İstersen her şey farklı olabilir!
İşte mutluluk vaat eden kişisel gelişimin, mutsuzluk yaratan tablosu genel olarak budur.
Peki, toplum bunun neresinde?
İnsan, toplumsal bir varlıktır. Toplumsal ilişkiler denilen iktisadi, sosyal, siyasal, kültürel gibi o devasa ilişkilerden ve şehir, mahalle, işyeri gibi ortak yaşam mekânlarından kopartılarak sadece birkaç kişiyle sınırlı ilişkileri hayatın kendisiymiş gibi ele alan ve bunun üzerinden felsefe bilmeden felsefi laf salatası yapanlar, aslında kişide yeni ruhsal sorunlara yol açabiliyorlar. Çünkü büyük bir kısmı toplumsal hayattan kaynaklanan sorunlar, sanki bireyin iç dünyasından kaynaklanıyormuş temel yanlışı üzerine bina edilen kişisel gelişim anlayışı, bizatihi gerçeklerden kaçışı vaaz ediyor.
Birey ve birey olabilmek elbette çok önemlidir. Yaşam ne salt toplumdan ne de salt bireyden ibarettir. Ancak her şeyi iç dünyaya indirgemek, özneyi dış dünyadan kopuk ele almak; felsefe alanında da bunların defteri çoktan dürüldü!

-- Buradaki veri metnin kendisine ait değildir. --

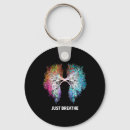 Search for inhale keychains Meditation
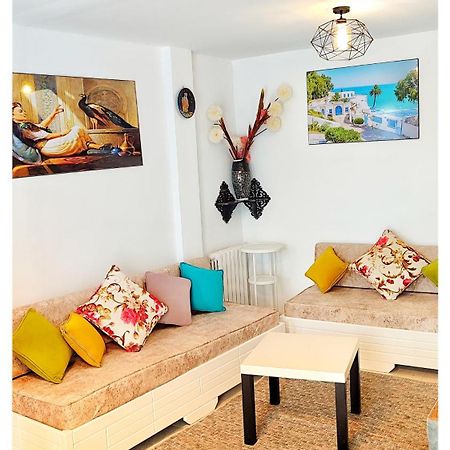 Cosy Duplex" Sidi Bou Said " Apartment Exterior photo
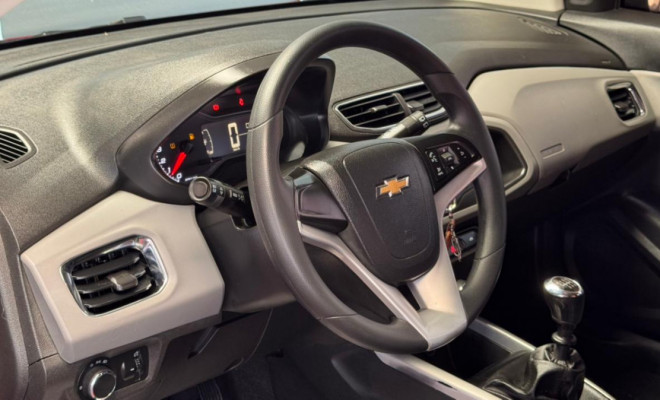 GM - Chevrolet ONIX HATCH LT 1.0 8V FlexPower 5p Mec. 2019 Flex-0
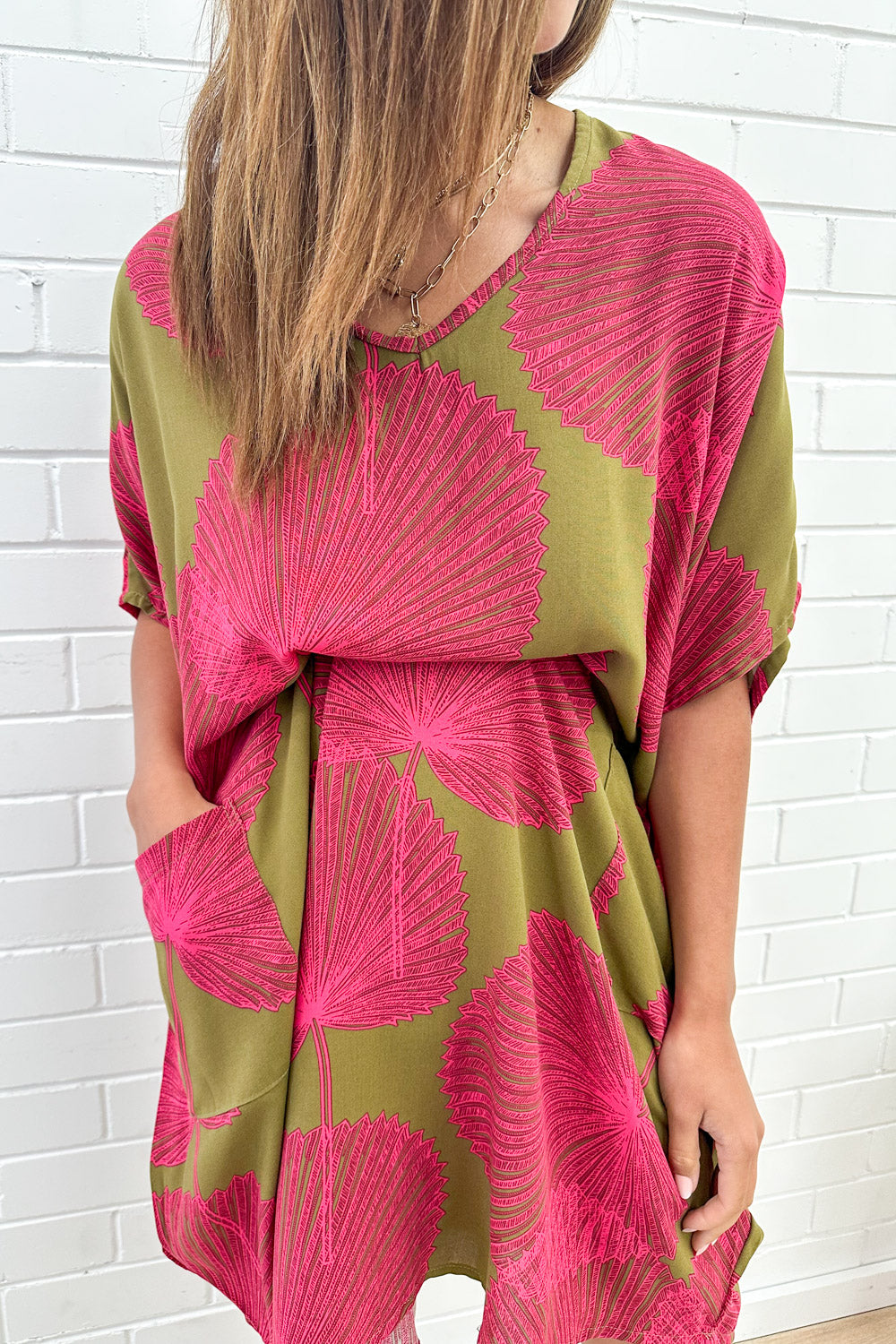 Arabella Kaftan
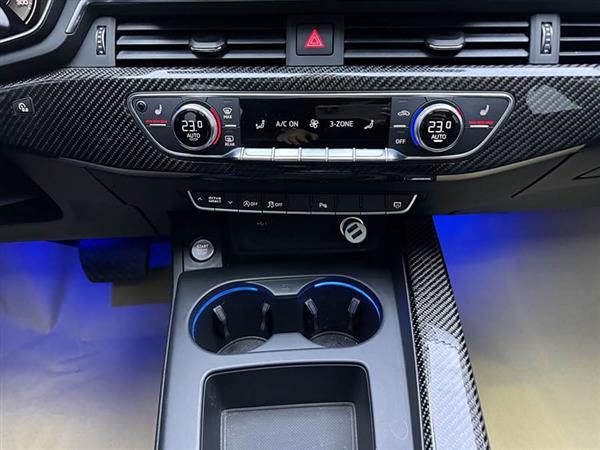 奥迪A5(进口) 2021款 Sportback 40 TFSI 时尚动感型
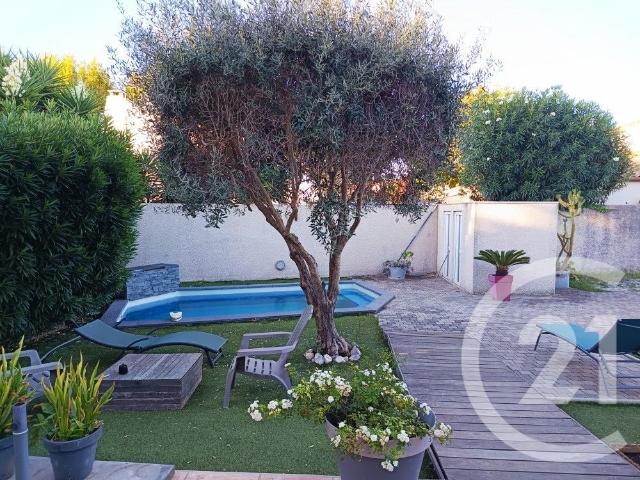 Maison location à Montpellier, Pérols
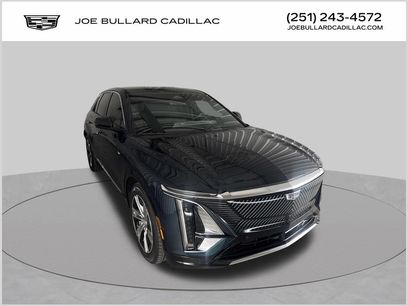 Certified 2024 Cadillac Lyriq Luxury w/ LPO, Floor Liner Package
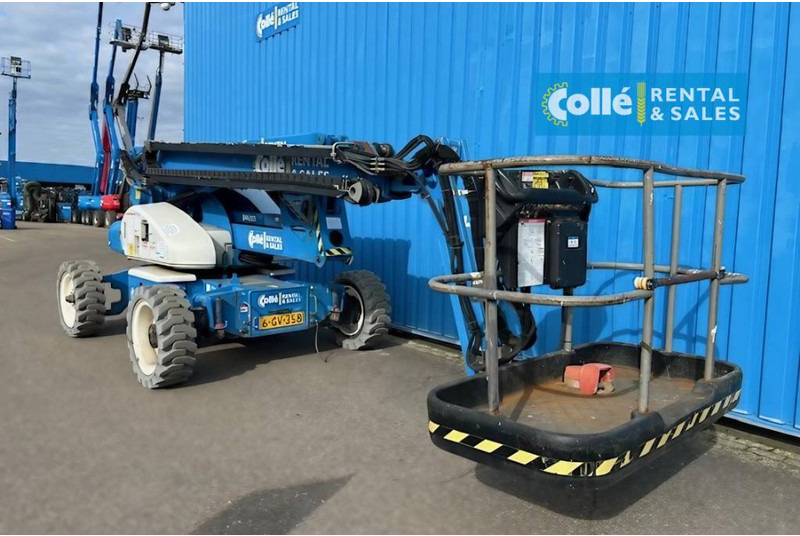 Niftylift HR 21 D E | 2013 - Knikarmhoogwerker: afbeelding 1 Niftylift HR 21 D E | 2013 - Knikarmhoogwerker: afbeelding 1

Onu boş ver, bunu boş ver, şunu unut, bunu düşünme, sen varsın, toplum dediğin nedir ki, sana engel olan her şeyi kes at, yalnız sen varsın, inanarak başarırsın, mutluluk bir adım ötende vs.

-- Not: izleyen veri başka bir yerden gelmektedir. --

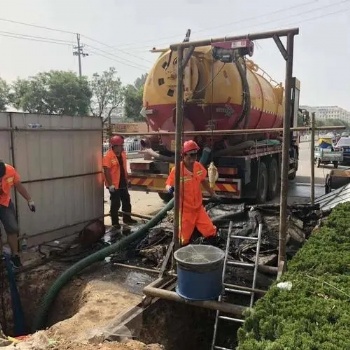長辛店附近污水清運工地廢水外運化糞池清掏正規(guī)消納
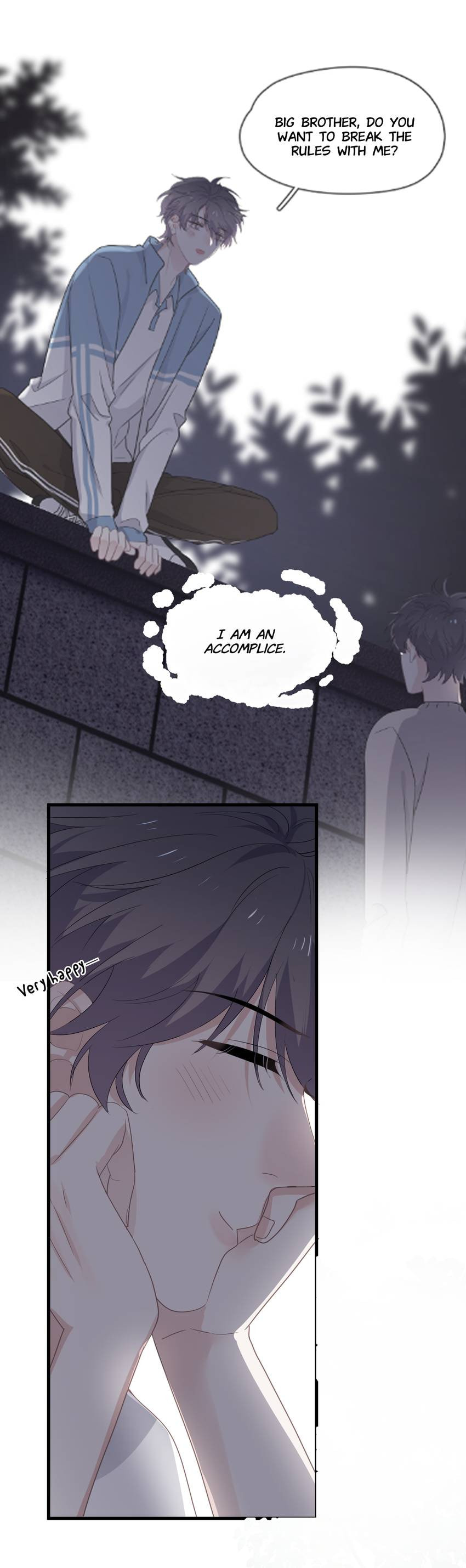 Read The Guy Inside Me chapter 79 image 9 on Lezhin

Reklamlardan televizyon programlarına, eğitimden kitaplara, sürekli olarak bireyi başarıya koşullandırma, mutlu olma, pozitif enerjiyi kullanma gibi insanı mekanik bir araç, bir robot olarak gören kişisel gelişim propagandası dayatılıyor. Kişisel gelişimciler her ne kadar ruhtan, duygudan, iradeden söz etse de, tüm bunlar makinenin birer parçasıymışçasına, şu vidayı bu kadar sık, şunu gevşet, sürtünmeyi azaltmak için yağlamayı eksik etme deyip dururlar.

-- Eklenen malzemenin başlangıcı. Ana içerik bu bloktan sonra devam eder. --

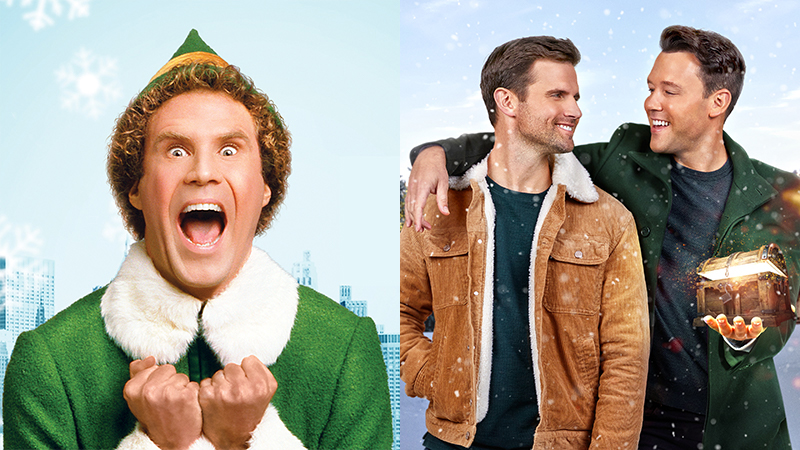 Your Guide To Holiday Movies On Sling TV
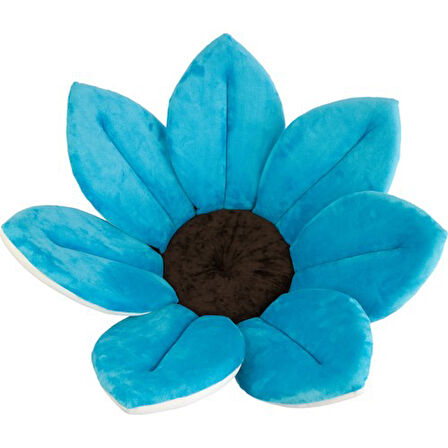 Booming Bath Original Bebek Banyo Matı Turkuaz/Kahverengi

Yazar ve yayınevlerini belirtmeden, yalnızca kitap adlarının ilginçliğini belirtmenin yeterli bir fikir vereceği düşüncesiyle “kişisel gelişim kitaplarından” birkaç örnek:
“İçinizdeki Lideri Geliştirmek”, “Leonardo De Vinci Gibi Düşünmek”, “Zaman Yönetimi”, “Zihin Sizsiniz”, “Ferrarisini Satan Bilge”, “Mükemmellik Rehberi”, “Sizi Mutlu Edebilirim”, “Hayatınızı 7 Günde Değiştirin”, “On İki Haftada Beyin Geliştirme”, “Havadan Para Kazanma Yolları”, “Bugün Zengin Ol”, “Düşün ve Zengin Ol”, “Para Kodları”, “Pozitif Gücün Büyüsü”, “Mutluluk Bir Seçimdir” “Mutluluk Dersleri”, “Her Şey Seninle Başlar”, “Pozitif Düşünce Gücüyle Mutlu Yaşamanın Sırları”, “Üzüntüyü Bırak Yaşamaya Bak” “Cinsellik Nedir ve Nasıl Yaşanır”, “Sen Bir Markasın”, “Dünyanın En İyi Satıcısı” vb.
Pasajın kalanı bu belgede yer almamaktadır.